Analyzing how control scores evolve in function of optimization scores in the held-out set shows that there is already in the initial dataset a significant difference between optimization and control scores. When looking at the Mean Average Difference (MAD) between \(S_{opt}\) and \(S_{dc}\), we can see that this difference grows with \(S_{opt}\), while it is not the case between \(S_{opt}\) and \(S_{mc}\). On the three datasets, the MAD reaches approximately a value of 0.3 on the molecules with the highest optimization scores. The fact that there is such a large difference between \(S_{opt}\), \(S_{mc}\) and \(S_{dc}\) on the original data distribution challenges the conclusion from Renz et al. that the divergence observed during goal-directed generation is necessarily caused by a failure of goal-directed generation algorithms. To determine whether exploitation of model or data specific biases actually plays a role, we need to assess if the difference between the scores of classifiers observed on the initial dataset fully explains the observation made during goal-directed generation.

For instance, on the EGFR dataset, even the molecules with the highest \(S_{opt}\) (between 0.5 and 0.6) have a \(S_{dc}\) below 0.2. Without exploiting any bias and simply by maximizing \(S_{opt}\) while staying in the original data distribution, we should not expect data control scores to reach values much above 0.2. Let us consider the distribution of optimization scores of sampled molecules at time step t by a goal-directed generation algorithm \(P_{t}[S_{opt}(x)]\). From our held-out validation set, we can reliably approximate \(P[S_{dc}(x)|S_{opt}(x)]\) and \(P[S_{mc}(x)|S_{opt}(x)]\), the distribution of data control and model control scores observed on the initial dataset, conditioned on the value of the optimization score. At any time step t, the expected distribution of model control score is \(P[S_{mc}(x)|S_{opt}(x)]P_{t}[S_{opt}(x)]\), and of data control score is \(P[S_{dc}(x)|S_{opt}(x)]P_{t}[S_{opt}(x)]\). As we can sample from those distributions, this allows us to estimate an empirical tolerance interval (i.e., a statistical interval where at least a pre-specified percentage of a population is expected to fall, see “Methods” section for more details) for data and model control scores at each time step. We compute those tolerance intervals for expected model and data control scores along the trajectories of goal-directed generation algorithm (see “Methods” section for more details).
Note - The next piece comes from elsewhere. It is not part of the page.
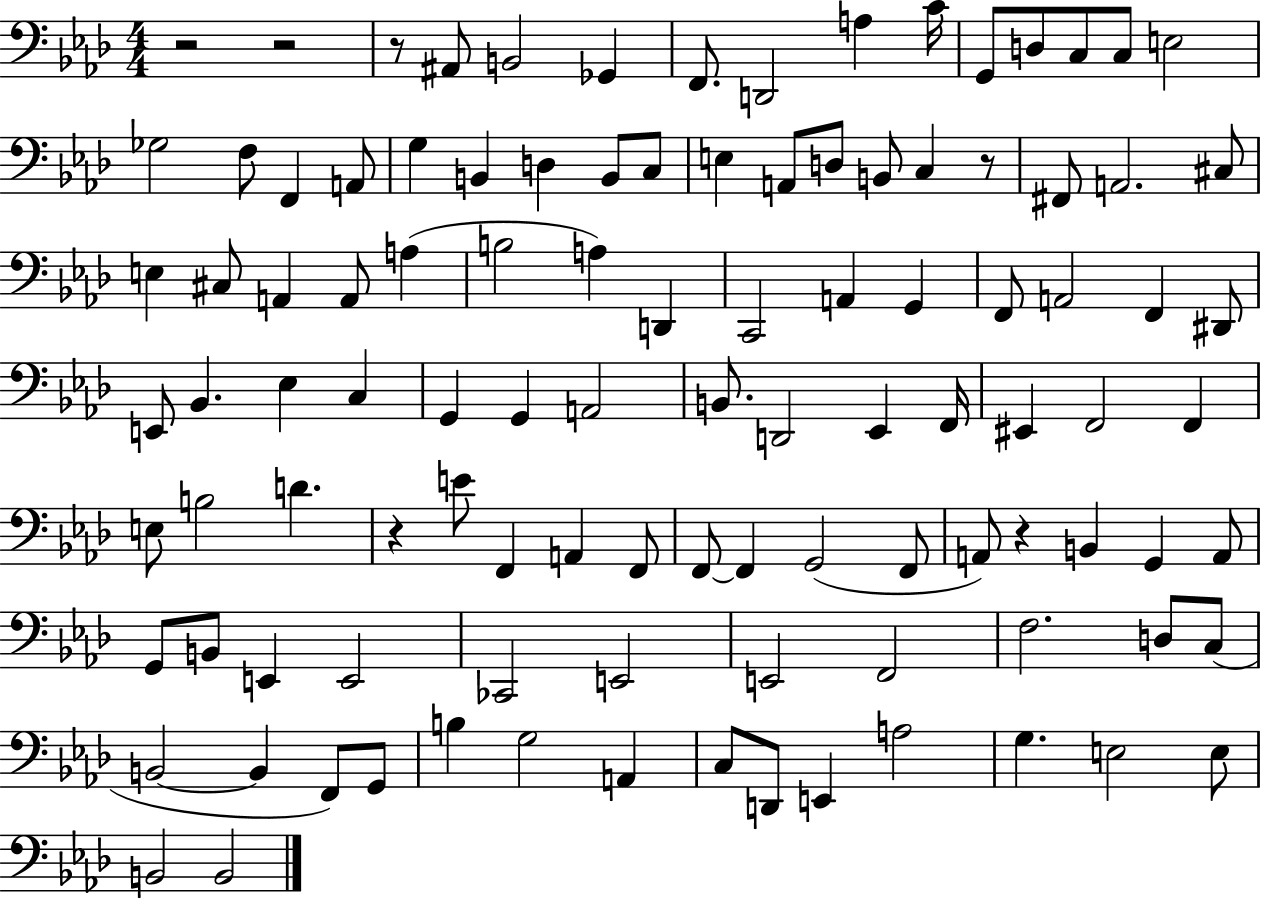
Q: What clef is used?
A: bass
As long as the data or model control scores observed during goal-directed generation fall above the lower bound of the tolerance intervals, we can conclude that the difference between \(S_{opt}\), \(S_{mc}\) and \(S_{dc}\) can be explained independently of an hypothetical failure of the goal-directed generation algorithms.

Implications

As shown in Figs. 4 and 5, the trajectories of control scores during goal-directed generation do not fall below the tolerance interval of the adjusted scores. This shows that we cannot rule out that the observed difference between optimization and control scores [12] is fully explained by the difference between classifiers on the original data distribution. Furthermore, besides the difference between optimization and control scores, a bias towards generating molecules similar to Split 1 was also observed in the original study [12]. This was analyzed as a result of data-specific bias, and was another argument in favor of the failure of goal-directed generation algorithms. We assessed whether the bias observed (i.e., molecules sampled during goal-directed generation being more similar to those of Split 1 than Split 2) was already present in the initial dataset. The top-5 percentile (with regard to \(S_{opt}\)) of molecules from the held-out set were selected, and their similarities with molecules from Split 1 and 2 were computed (see Fig. 6). For the EGFR and DRD2 datasets, a large bias towards molecules from Split 1 was observed. As for the difference between optimization and control scores, the biases observed in molecules sampled during goal-directed generation were already present in the initial dataset. It is therefore possible that the underlying problem is not caused by goal-directed generation algorithm but rather by the classifiers themselves, that do not correlate on an independent sample of the initial dataset.

Fig. 4
figure 4

Trajectories of \(S_{opt}\), \(S_{mc}\) and \(S_{dc}\) superimposed with tolerance intervals for \(S_{mc}\). For \(S_{opt}\), \(S_{mc}\) and \(S_{dc}\), the mean of the scores of each run are computed. The bold line corresponds to the median over those means while the shaded areas correspond to the interquartile range [12]. Here, the shaded area that is the more visible (green) corresponds to the interquartile range of the model control scores. The full range of tolerance intervals for the expected model control scores are shown every 30 iterations

Fig. 5
figure 5

Trajectories of \(S_{opt}\), \(S_{mc}\) and \(S_{dc}\) superimposed with tolerance intervals for \(S_{dc}\). Here, the shaded area that is the more visible (red) corresponds to the interquartile range of the data control scores. The full range of tolerance intervals for the expected data control scores are shown every 30 iterations

Fig. 6
figure 6

Similarities to Split 1 and 2 of the top-5 \(\%\) scored molecules (optimization score) in an external test set, showing pre-existing bias in the original distribution. y-axis is in logarithmic scale. Similarity between molecules is measured by the Tanimoto similarity between Morgan fingerprints of radius 2 and 1024 bits, computed with the RDKit

Our results show that initial differences between control and optimization scores, as well as the biases towards molecules that built the optimization model, explain by itself the behavior observed by Renz et al. Nonetheless, it does not prove the converse statement. It is indeed still possible that goal-directed generation algorithms do exploit biases, and questions remain around the validity of the output of goal-directed generation algorithms, as molecules sampled tend to be unstable, unsynthesizable or have highly uncommon fragments [12]. It should also be noted that the biases observed on the initial data distribution might be due to the datasets used in Renz et al. which are extracted from public data on three bioactivity assays (EGFR, JAK2 and DRD2) and suffer from shortcomings that might hamper QSAR modeling of bioactivities: they are rather small (842, 667, and 842 molecules, respectively), with a low number of active molecules (40, 140, and 59 active molecules), and are heterogeneous. For example, see Additional file 1: Table S1 for a set of compounds in the DRD2 actives whose activity or mode of action are questionable.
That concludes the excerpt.